• [AIM OF THE EXERCISE]: What is needed is a word-for-word copy of the listing below, without pictures.

• [DATASET CONTENT]:
=-=-=

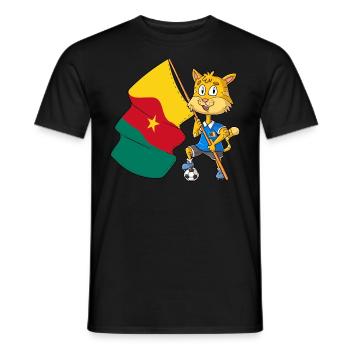 Kamerunische Fan Katze - Männer T-Shirt - Schwarz - Vorne - AI Model Male 178 light (178cm)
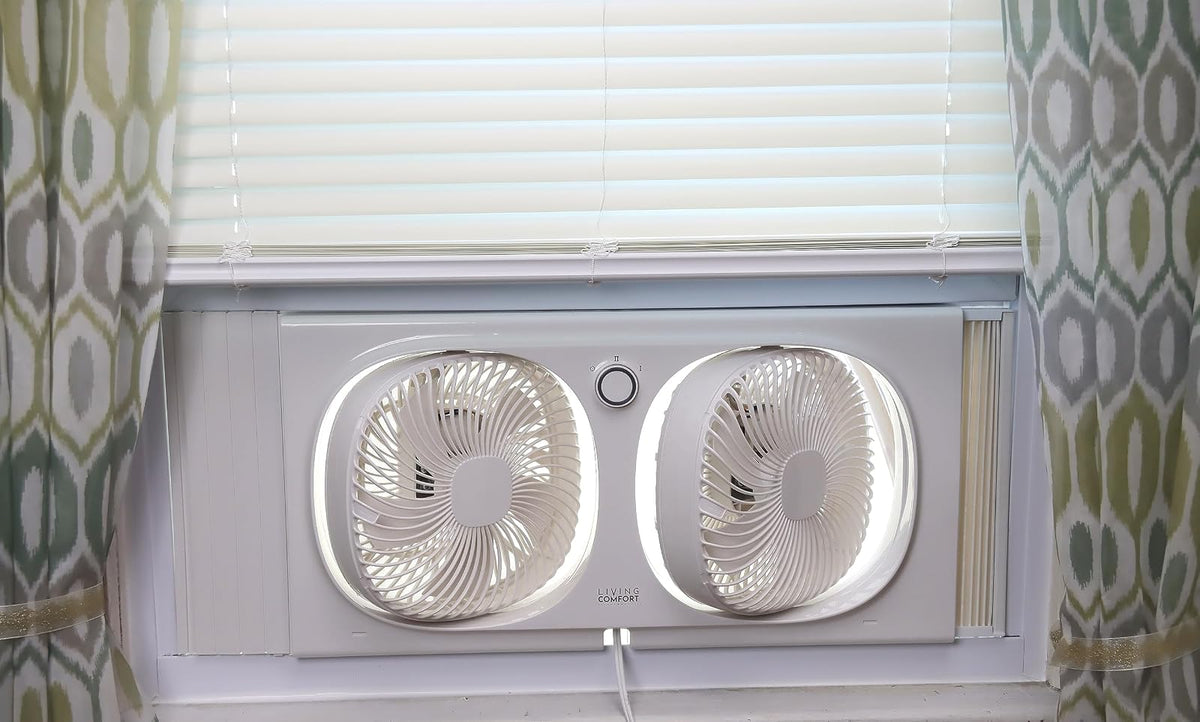Comfort Zone Living Comfort Ventilador de ventana doble de 9 pulgadas con 2 velocidades y cabezales giratorios individualmente de 180°, visualización extraíble para insectos, ideal para el hogar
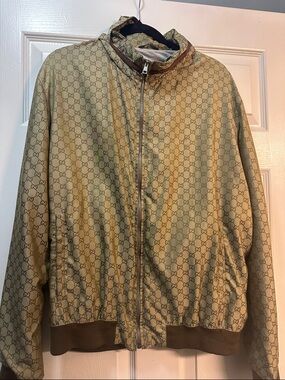 Gucci Beige Monogram Track Jacket with Green-Red Collar Trim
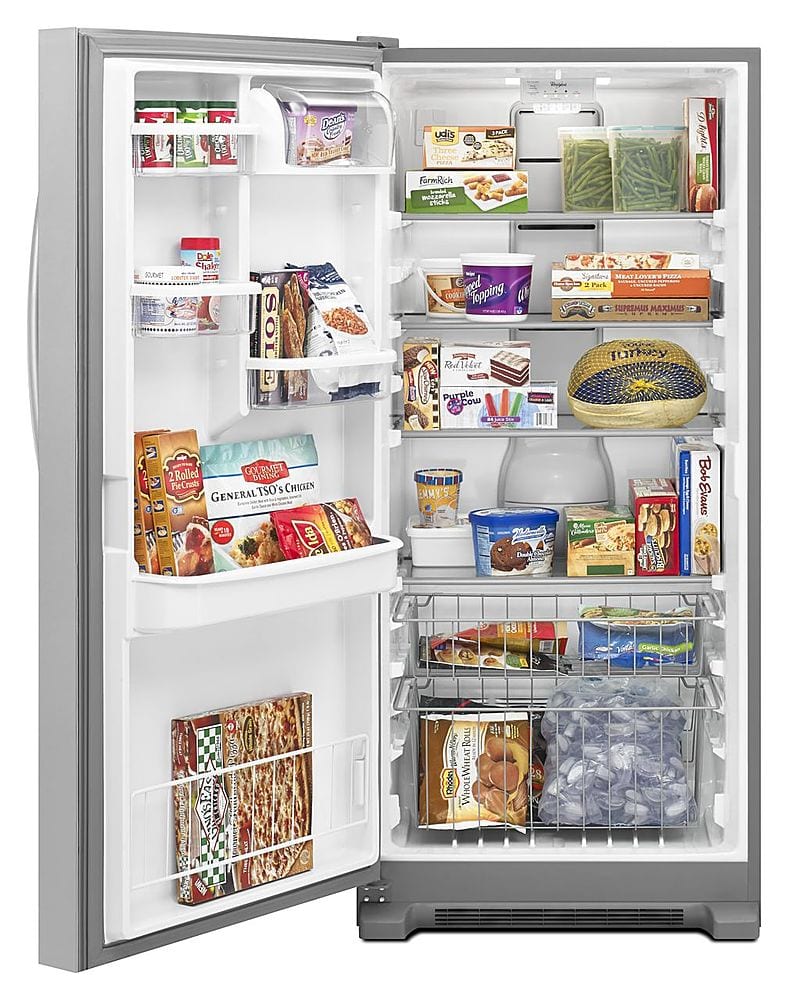 Alt View 13. Whirlpool - SideKicks 17.7 Cu. Ft. Frost-Free Upright Freezer - Monochromatic Stainless Steel.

=-=-=

• [RESULT OF THIS EXERCISE]:
 Kamerunische Fan Katze - Männer T-Shirt - Schwarz - Vorne - AI Model Male 178 light (178cm)
Comfort Zone Living Comfort Ventilador de ventana doble de 9 pulgadas con 2 velocidades y cabezales giratorios individualmente de 180°, visualización extraíble para insectos, ideal para el hogar
 Gucci Beige Monogram Track Jacket with Green-Red Collar Trim
 Alt View 13. Whirlpool - SideKicks 17.7 Cu. Ft. Frost-Free Upright Freezer - Monochromatic Stainless Steel.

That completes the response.